That's why it's important to actually watch users in action with your application. It's a maxim in user experience design circles that you, the programmer, are not the user. Sure, you should eat your own dog food, but remember that the experience of using software that you wrote - and whose every shortcoming and compromise you understand from the inside - isn't the same as chancing upon that software in the wild and giving it a shot. Look at your software through the fresh eyes of users who didn't write a single line of the code. That's when you'll actually learn what you've created and how to improve it.
... all of which proselytizing serves only to introduce one rant and one rave about free software I use every day. Neither of these are web applications, but both of them are tied directly to the 'net.

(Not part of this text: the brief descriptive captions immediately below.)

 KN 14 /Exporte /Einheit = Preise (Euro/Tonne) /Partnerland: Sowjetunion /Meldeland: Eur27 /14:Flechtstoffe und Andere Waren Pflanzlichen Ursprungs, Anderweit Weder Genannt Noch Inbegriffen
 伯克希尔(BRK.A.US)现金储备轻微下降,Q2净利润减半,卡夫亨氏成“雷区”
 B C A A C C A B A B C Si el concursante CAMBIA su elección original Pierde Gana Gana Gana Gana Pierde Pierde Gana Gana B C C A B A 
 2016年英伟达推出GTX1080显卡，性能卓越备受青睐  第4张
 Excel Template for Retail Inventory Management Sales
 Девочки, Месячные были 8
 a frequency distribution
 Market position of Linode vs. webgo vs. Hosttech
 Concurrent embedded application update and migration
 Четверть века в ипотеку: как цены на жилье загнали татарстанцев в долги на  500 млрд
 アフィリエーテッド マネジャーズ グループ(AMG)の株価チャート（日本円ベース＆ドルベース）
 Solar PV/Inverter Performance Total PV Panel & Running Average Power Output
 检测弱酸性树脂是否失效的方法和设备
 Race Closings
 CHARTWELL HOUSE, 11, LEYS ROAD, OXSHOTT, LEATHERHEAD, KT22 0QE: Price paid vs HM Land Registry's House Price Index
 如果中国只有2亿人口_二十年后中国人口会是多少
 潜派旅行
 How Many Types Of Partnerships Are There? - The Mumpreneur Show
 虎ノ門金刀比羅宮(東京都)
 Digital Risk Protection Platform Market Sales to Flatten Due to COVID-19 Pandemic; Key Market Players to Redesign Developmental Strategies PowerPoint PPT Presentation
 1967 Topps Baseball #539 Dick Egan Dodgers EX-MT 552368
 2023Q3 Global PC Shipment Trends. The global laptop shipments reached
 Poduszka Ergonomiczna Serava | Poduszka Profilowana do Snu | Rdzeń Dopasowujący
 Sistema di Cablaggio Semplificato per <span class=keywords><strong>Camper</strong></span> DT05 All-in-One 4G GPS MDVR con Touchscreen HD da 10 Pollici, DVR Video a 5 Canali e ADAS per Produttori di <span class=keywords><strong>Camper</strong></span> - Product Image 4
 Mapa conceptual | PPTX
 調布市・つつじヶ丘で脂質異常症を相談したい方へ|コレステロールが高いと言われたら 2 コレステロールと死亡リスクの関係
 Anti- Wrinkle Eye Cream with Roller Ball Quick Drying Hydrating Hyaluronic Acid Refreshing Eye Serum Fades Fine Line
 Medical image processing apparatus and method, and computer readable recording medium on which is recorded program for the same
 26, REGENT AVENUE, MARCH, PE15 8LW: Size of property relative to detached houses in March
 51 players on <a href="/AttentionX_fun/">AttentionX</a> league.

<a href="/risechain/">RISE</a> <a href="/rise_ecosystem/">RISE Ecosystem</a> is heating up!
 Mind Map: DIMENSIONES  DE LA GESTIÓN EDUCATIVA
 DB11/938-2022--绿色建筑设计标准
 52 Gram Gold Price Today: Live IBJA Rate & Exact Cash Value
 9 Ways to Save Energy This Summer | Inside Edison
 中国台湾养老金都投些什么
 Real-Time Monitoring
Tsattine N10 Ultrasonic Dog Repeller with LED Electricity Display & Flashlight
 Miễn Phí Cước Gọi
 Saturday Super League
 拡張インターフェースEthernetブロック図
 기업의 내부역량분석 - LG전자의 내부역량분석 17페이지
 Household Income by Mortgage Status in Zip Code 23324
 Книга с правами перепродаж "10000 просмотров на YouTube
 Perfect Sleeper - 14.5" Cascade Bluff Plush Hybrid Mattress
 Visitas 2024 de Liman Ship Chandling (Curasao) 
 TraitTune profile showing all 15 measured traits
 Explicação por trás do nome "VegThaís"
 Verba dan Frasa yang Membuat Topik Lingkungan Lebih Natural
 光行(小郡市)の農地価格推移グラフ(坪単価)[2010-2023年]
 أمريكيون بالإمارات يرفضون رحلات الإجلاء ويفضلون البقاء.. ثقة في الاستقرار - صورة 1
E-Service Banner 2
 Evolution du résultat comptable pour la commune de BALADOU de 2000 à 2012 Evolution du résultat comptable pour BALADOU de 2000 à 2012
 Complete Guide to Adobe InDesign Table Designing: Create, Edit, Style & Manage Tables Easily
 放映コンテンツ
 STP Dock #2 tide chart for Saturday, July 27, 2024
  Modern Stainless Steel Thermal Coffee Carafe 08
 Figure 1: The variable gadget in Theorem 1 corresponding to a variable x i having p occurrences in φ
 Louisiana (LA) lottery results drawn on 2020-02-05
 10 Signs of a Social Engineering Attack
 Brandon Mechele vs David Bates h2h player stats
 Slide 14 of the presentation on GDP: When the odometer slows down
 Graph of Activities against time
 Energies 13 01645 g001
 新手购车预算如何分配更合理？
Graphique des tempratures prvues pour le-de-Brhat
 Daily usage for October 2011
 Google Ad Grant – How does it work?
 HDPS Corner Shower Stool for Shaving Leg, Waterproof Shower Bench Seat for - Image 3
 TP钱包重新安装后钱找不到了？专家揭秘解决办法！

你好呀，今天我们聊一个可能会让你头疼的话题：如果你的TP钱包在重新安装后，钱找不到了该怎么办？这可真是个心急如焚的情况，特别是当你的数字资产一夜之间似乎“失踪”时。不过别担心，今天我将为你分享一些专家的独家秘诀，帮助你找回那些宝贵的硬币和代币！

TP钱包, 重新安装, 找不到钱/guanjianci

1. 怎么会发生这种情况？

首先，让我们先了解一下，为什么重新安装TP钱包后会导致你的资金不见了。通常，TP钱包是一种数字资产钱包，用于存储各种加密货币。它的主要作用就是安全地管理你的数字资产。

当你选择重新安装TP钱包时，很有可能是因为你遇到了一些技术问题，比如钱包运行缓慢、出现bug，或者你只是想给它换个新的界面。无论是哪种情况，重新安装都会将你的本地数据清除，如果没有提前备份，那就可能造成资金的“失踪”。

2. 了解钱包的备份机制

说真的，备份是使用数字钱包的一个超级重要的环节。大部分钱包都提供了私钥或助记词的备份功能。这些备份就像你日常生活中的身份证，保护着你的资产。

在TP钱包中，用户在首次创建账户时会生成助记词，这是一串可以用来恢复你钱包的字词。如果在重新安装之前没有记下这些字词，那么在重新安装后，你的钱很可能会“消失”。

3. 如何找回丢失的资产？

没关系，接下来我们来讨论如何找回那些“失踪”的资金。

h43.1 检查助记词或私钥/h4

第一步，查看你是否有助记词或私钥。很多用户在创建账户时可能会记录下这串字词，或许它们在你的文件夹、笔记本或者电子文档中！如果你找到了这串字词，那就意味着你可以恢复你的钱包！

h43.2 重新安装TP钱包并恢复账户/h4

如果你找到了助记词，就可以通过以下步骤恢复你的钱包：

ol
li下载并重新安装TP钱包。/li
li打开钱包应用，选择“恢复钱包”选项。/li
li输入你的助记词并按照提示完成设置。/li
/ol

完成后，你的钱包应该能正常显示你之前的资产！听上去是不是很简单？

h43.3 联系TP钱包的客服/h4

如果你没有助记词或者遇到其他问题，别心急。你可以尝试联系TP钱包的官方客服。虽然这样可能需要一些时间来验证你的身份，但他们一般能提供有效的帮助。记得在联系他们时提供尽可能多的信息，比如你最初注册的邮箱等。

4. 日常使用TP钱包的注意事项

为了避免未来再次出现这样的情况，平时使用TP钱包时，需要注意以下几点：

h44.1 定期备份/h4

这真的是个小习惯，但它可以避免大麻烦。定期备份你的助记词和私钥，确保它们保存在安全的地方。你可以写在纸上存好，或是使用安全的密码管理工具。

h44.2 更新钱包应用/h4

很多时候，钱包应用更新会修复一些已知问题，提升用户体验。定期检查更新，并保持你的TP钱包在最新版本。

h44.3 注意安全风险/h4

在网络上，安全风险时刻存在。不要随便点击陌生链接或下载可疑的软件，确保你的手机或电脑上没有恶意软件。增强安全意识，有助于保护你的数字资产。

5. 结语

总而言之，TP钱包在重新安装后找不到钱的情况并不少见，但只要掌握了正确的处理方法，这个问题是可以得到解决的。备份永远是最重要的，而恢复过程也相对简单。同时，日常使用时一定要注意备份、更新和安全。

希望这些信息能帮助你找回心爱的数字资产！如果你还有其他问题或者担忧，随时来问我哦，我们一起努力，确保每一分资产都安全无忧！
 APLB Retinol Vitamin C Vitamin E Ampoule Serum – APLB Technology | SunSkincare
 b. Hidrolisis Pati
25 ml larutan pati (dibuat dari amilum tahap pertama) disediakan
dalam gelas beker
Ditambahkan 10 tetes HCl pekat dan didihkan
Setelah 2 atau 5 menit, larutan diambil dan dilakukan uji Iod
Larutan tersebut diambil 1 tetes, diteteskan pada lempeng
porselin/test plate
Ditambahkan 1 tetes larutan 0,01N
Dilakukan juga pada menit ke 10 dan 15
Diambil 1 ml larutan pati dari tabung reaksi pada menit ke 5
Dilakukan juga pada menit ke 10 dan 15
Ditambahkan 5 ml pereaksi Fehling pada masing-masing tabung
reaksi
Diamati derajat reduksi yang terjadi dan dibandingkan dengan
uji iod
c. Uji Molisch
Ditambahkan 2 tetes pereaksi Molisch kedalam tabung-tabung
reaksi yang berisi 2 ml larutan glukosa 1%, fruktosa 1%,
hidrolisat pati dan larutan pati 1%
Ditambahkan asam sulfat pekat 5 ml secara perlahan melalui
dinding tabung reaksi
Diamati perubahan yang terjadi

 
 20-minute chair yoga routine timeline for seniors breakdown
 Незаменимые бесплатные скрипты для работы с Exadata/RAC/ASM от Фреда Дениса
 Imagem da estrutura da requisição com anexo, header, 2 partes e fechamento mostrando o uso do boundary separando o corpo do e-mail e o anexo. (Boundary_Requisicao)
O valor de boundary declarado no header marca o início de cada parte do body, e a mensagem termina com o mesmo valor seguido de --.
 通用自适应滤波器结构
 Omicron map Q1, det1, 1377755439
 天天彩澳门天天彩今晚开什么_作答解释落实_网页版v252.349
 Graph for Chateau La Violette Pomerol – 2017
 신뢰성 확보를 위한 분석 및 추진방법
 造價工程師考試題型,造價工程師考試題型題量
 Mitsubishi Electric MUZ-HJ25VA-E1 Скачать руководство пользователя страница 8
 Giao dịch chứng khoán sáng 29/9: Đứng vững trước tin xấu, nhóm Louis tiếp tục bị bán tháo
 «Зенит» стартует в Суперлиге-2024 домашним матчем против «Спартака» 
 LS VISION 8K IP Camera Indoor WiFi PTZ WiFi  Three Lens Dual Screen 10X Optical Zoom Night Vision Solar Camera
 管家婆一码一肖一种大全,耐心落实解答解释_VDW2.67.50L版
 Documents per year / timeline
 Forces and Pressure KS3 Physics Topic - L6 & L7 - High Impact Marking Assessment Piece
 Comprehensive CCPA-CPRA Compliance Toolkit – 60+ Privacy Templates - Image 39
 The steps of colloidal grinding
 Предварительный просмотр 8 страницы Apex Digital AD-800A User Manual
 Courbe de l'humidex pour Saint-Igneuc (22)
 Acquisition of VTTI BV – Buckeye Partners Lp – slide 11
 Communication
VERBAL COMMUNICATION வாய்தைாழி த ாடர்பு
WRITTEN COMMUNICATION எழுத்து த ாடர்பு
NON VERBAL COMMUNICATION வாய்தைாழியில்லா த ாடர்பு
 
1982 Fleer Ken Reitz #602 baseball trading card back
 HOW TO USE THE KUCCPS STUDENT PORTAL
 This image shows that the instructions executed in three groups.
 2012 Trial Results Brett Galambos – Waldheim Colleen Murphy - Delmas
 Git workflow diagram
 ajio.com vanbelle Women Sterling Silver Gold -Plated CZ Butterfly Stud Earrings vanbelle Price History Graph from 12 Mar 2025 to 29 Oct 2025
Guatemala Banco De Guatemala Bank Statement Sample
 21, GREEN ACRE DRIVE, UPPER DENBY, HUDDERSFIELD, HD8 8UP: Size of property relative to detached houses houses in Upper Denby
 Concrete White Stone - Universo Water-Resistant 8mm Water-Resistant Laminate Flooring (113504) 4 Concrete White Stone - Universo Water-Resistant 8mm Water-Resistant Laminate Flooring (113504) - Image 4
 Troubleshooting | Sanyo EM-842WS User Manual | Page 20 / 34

Thunderbird, the Mozilla-based desktop email client, is slowly evolving into a serious contender. Sure, it's Lightning calendar plug-in has a ways to go, but I'll take the core email product over Outlook or Apple's Mail client any day. That's why Thunderbird's dunderheaded spam filter makes me curse at least 10 times a day. Of the hundreds of spam messages I get each day, 90% end up in the spam folder, 5% end up in the inbox marked as suspected spam, and 5% end up in the inbox with no spam warning at all. The problem occurs because the great big "Junk" button you're supposed to click to banish an unidentified spam message to the spam folder only appears on messages that haven't been marked as suspected spam. For messages that Thunderbird already suspects of being junk, the "Junk" button becomes a "Not Junk" button. This makes it impossible to program your muscle memory to click that button when your brain sees spam. Sometimes, hitting that button will banish spam, but sometimes, hitting that button will erase the suspected-spam designation and leave the message in your inbox. Compare this to Gmail, whose spam button banishes messages to the ether regardless of whether Gmail already suspected them of being spam. Sure, in Thunderbird you could just use the Delete button as your go-to way to banish spam from the inbox. But then, you're not training Thunderbird's junk filters for the future.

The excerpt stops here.